----- Supplied material -----

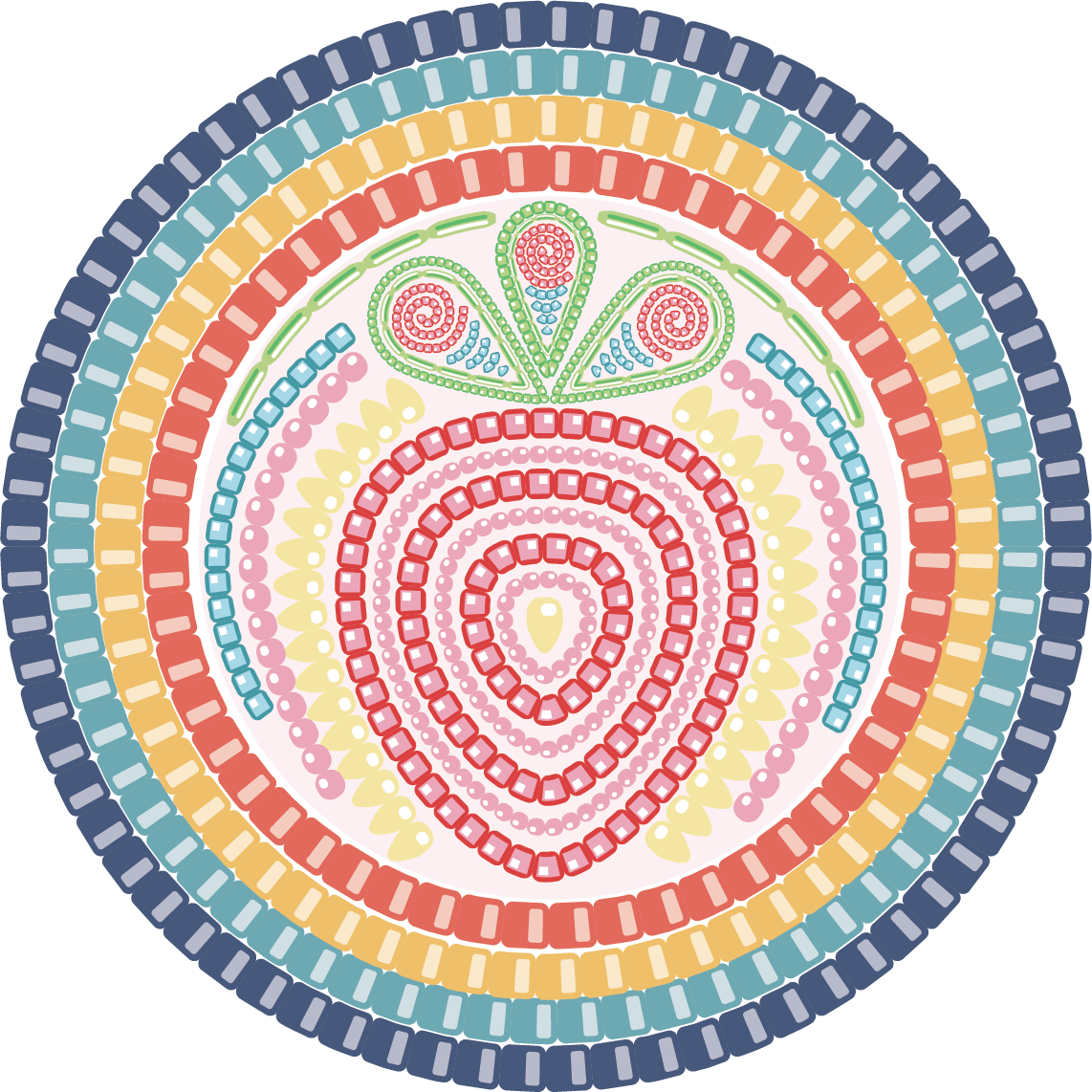 Illustration of a medallion consisting of multi-coloured beadwork borders surrounding a strawberry at its centre. The medallion symbolizes summer moons and is inspired by the teachings of the Anishinaabe lunar calendar. Rooted in First Nations beadwork traditions and treaty belts, this artwork visually illustrates EQAO’s land acknowledgement.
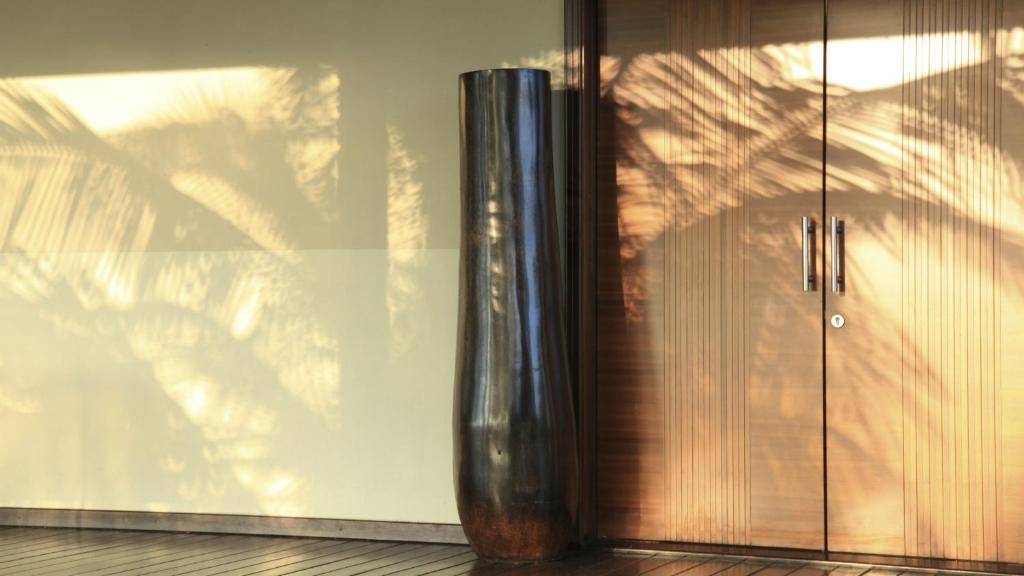Mūsdienīgs interjera elements ar metāla vāzi, kas atspoguļo palmu ēnas uz koka durvīm, radot siltu un viesmīlīgu atmosfēru.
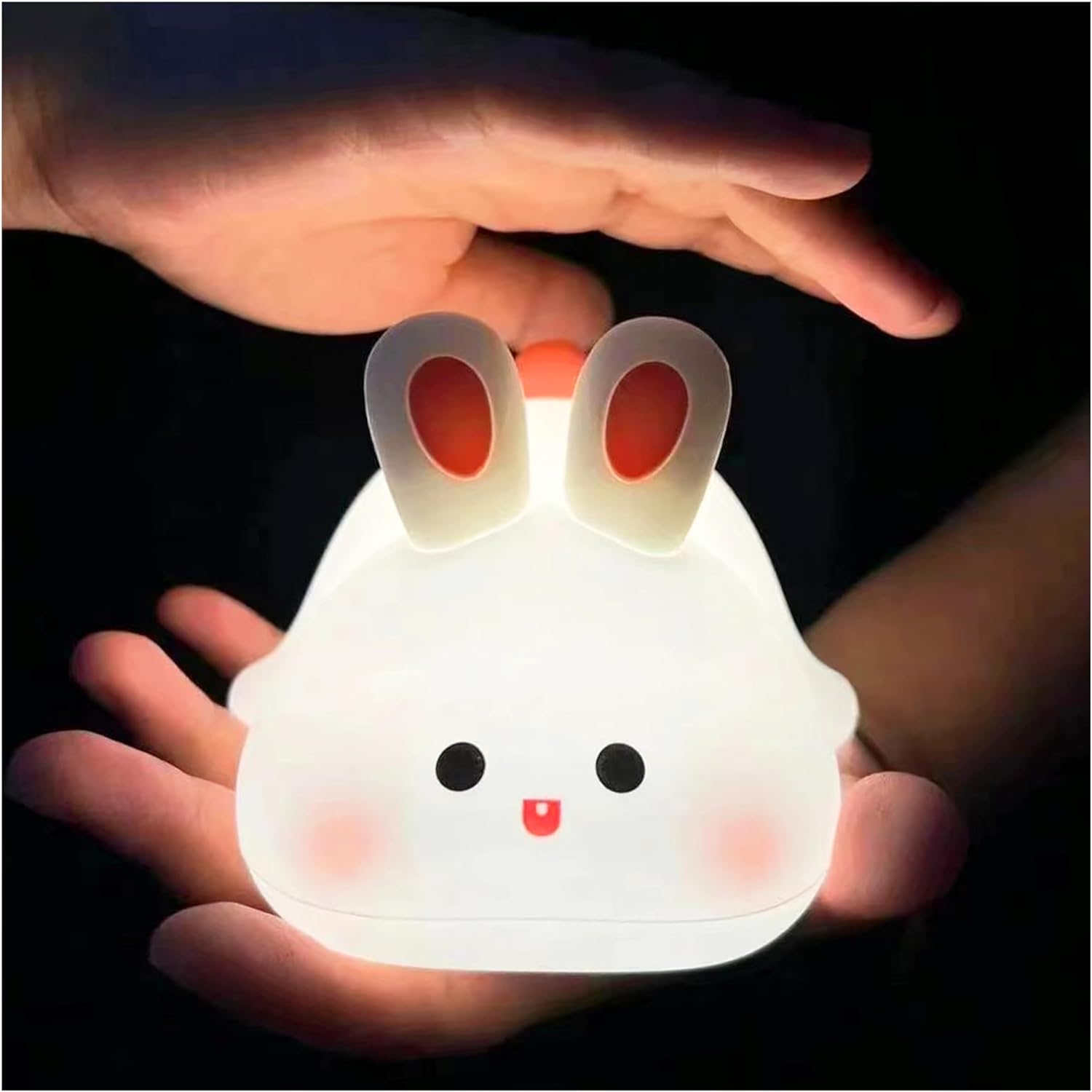 DUWOL Kids Night Light Silicone Rabbit Night Lamp Rechargeable Cute Lamp with 3 Level Brightness Kids Night Lights for Bedroom Baby Nursery and Study Desk Decorative Diwali Christmas Night Light 1
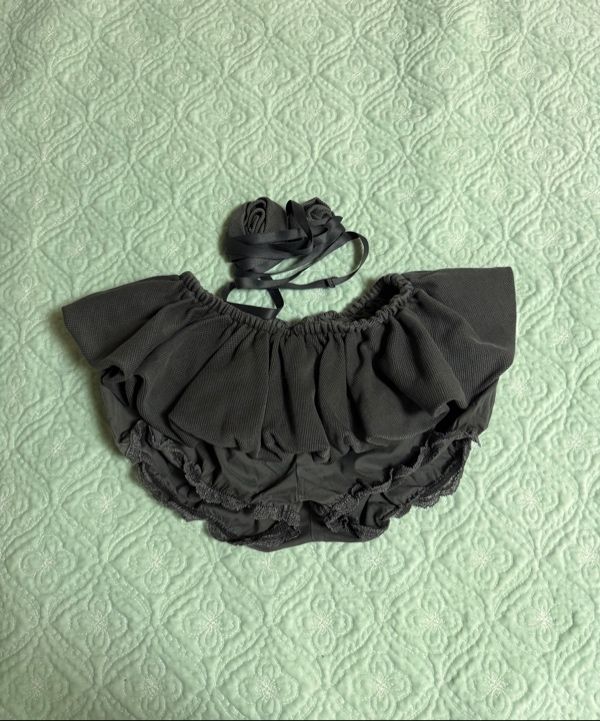 MUSINSA | SCULPTOR Washed Rose Bloomer Skort Charcoal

-----

→ Work instruction: Your reply must match the data above line for line, except that it holds no pictures.

→ Answer to this task:
 Illustration of a medallion consisting of multi-coloured beadwork borders surrounding a strawberry at its centre. The medallion symbolizes summer moons and is inspired by the teachings of the Anishinaabe lunar calendar. Rooted in First Nations beadwork traditions and treaty belts, this artwork visually illustrates EQAO’s land acknowledgement.
Mūsdienīgs interjera elements ar metāla vāzi, kas atspoguļo palmu ēnas uz koka durvīm, radot siltu un viesmīlīgu atmosfēru.
 DUWOL Kids Night Light Silicone Rabbit Night Lamp Rechargeable Cute Lamp with 3 Level Brightness Kids Night Lights for Bedroom Baby Nursery and Study Desk Decorative Diwali Christmas Night Light 1
 MUSINSA | SCULPTOR Washed Rose Bloomer Skort Charcoal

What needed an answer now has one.